Dusky pygmy rattlesnake
The dusky pygmy rattlesnake (Sistrurus miliarius barbouri) lives throughout several South States of North America. It is one of the most abundant venomous snakes in Florida although in some areas, these snakes are struggling to survive. It has a reputation for protecting itself. While usually not life threatening, its bite can be painful and result in the loss of a digit. According to the University of Florida it has not killed a single person with its venomous bite. That’s not really surprising considering the dusky pygmy rattlesnake grows to a maximum of about two feet long, much smaller than its more dangerous cousins. While not fatal, the venom of the snake is hemotoxic and can cause excruciating pain and swelling.

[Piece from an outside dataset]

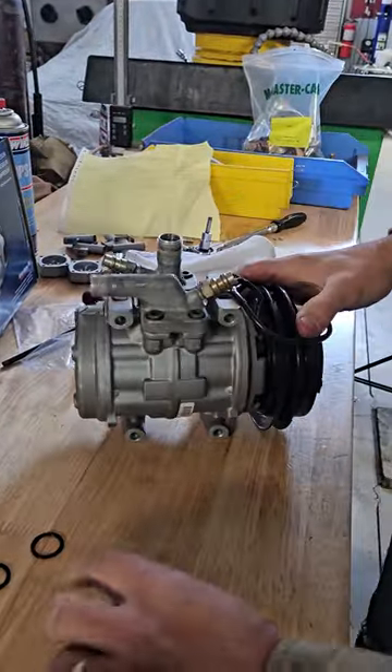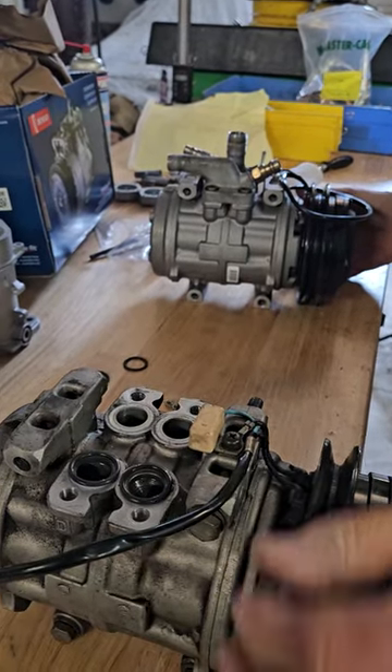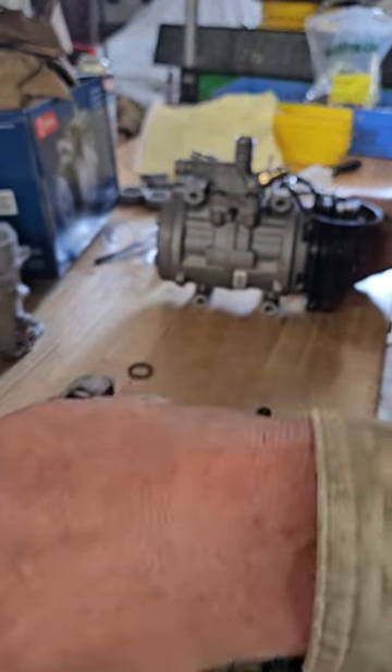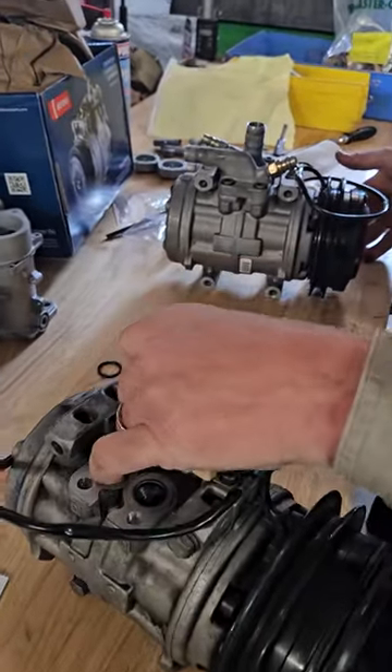So I've got my new Denso compressor. The old one here was leaking — it was leaking out of the front seal. And I can see now that I have the discharge pulled off that the oil that was coming out of it is pretty black.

The venom of the snake contains disintegrins, notably a type called barbourin with an uncommon sequence. This molecule has a high binding activity to a receptor that plays an important role in the aggregation of platelets that can lead to the formation of blood clots. When the venom enters the blood stream, the competitive inhibition of this receptor by barbourin will decrease platelet aggregation, and thus reduce clotting.
Eptifibatide is a peptide designed to mimic a small portion of a protein that was discovered in the venom of the dusky pygmy rattlesnake. It is used as an anti-clotting agent to prevent cardiovascular problems like acute coronary syndromes, heart attack or angina by stopping platelets from aggregating.